The History of Pemba Island

The early history of Pemba bears similarities with that of its sister island Unguja, in the broadest sense of its pattern of settlers. It is thought that Pemba was originally inhabited by migrating African tribes in search of a life away from the growing mele of mainland habitation, that could be sustained by seasonal fishing potential. It is likely that the island was inhabited before the first century AD, and these settlers became a tribe known as the Pemba, much like the Hadimu and Tumbatu people of Zanzibar island, although a small group of the Tumbatu also formed their own small community in a region in the south of Pemba.

Despite the relatively small size of the island, the separate villages were internally governed and developed into mini-monarchies, entirely independent of each other.
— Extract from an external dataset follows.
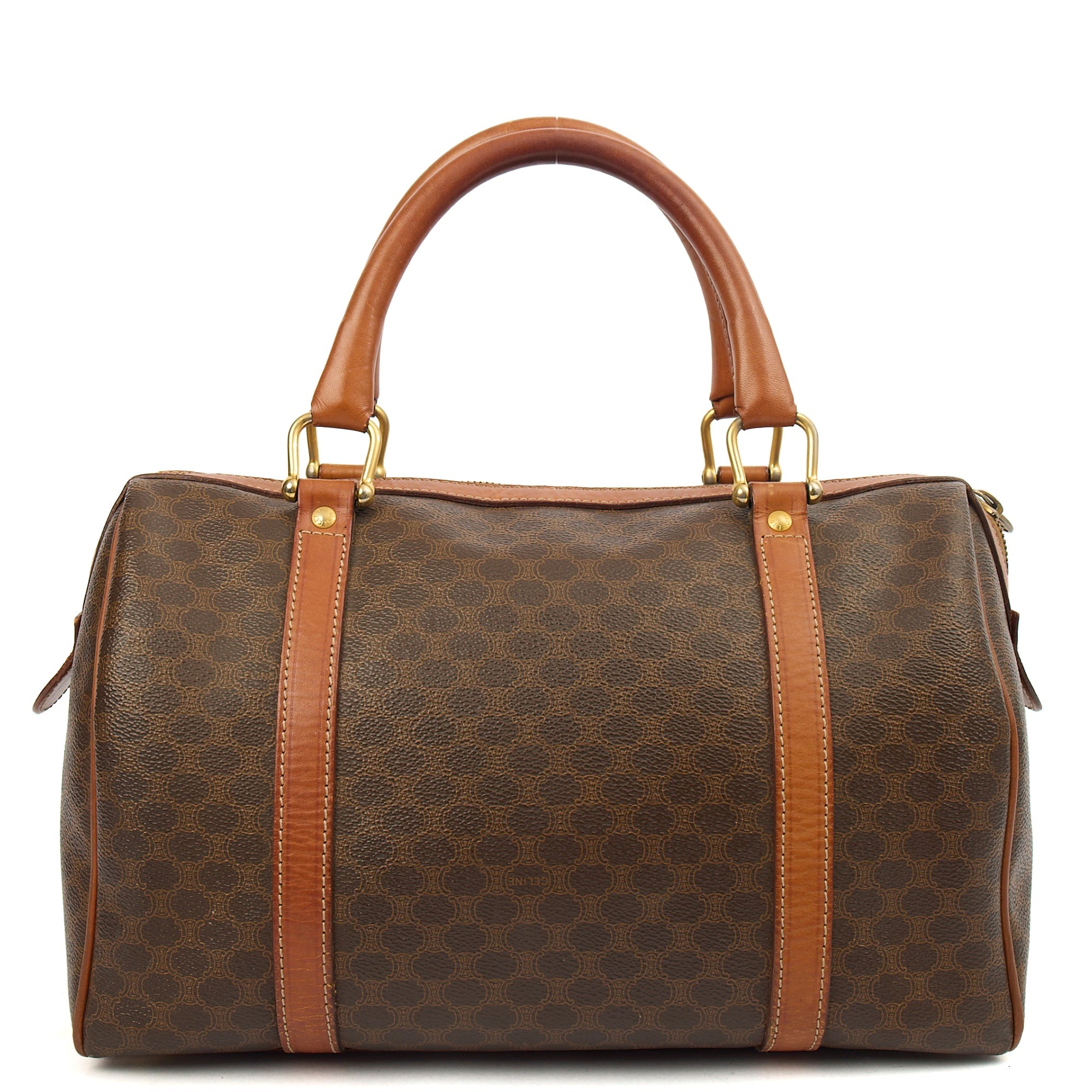 Celine Tote Boston in Brown, Leather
This lack of unity then provided an easy target for international sailors seeking trade and adventure in new lands; after years of trade with foreign visitors the African population became familiar with newcomers, and perhaps barely noticed as some began to settle. Later the first inhabitants found themselves conquered by a new Arabic colonial regime, evolving a certain grandeur and refinement so ingrained that the Swahili word meaning ‘to be civilised’ is still ‘Ustaarabu’, literally, ‘like an Arab’.
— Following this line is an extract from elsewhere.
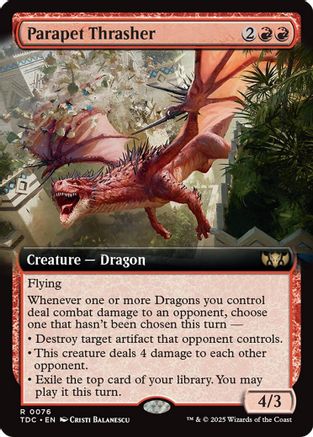 Parapet Thrasher (Extended Art) (76) [Commander: Tarkir: Dragonstorm] - Deck Out Gaming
An adventurous sailor and Arab writer called Abu’l Hasan’Ali Al-Mas’udi recorded an account of his travels to Zanj at the end of the tenth century AD and told how the civilisation of Pemba, then called Quanbalu, minted its own coins. When refugees were driven from their homes by religious upheavals and persecution on the Arabian Gulf between the 8th and 11th centuries, they sailed down the East Coast of Africa to settle on various points on the mainland and islands, including Pemba.
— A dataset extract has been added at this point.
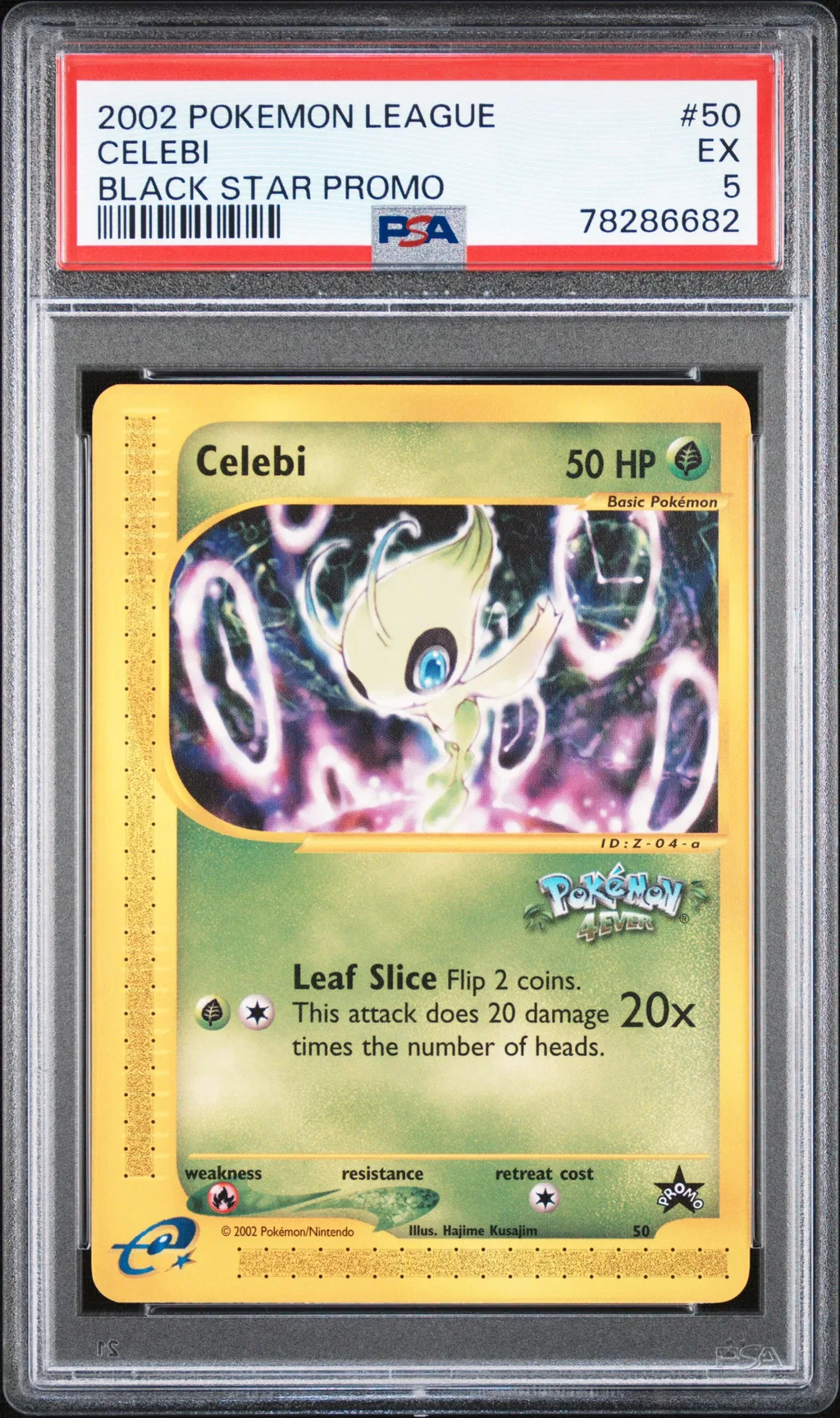 Celebi card artwork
Numerous ruins around the island illustrate the illustrious lifestyle of these early settlers, thought to have been mainly of Shirazi origin. They developed a renowned port and community on the international trading route; the ancient site at Ras Mkumbuu has pillar tombs inlaid with china, and ruins of other palaces nearby show intricate irrigation systems, wells and mosques, now silted up and sinking into the sands. Yet only a little detailed information about these settlers has been passed on through history, beyond a handful of bizarre legends and tales.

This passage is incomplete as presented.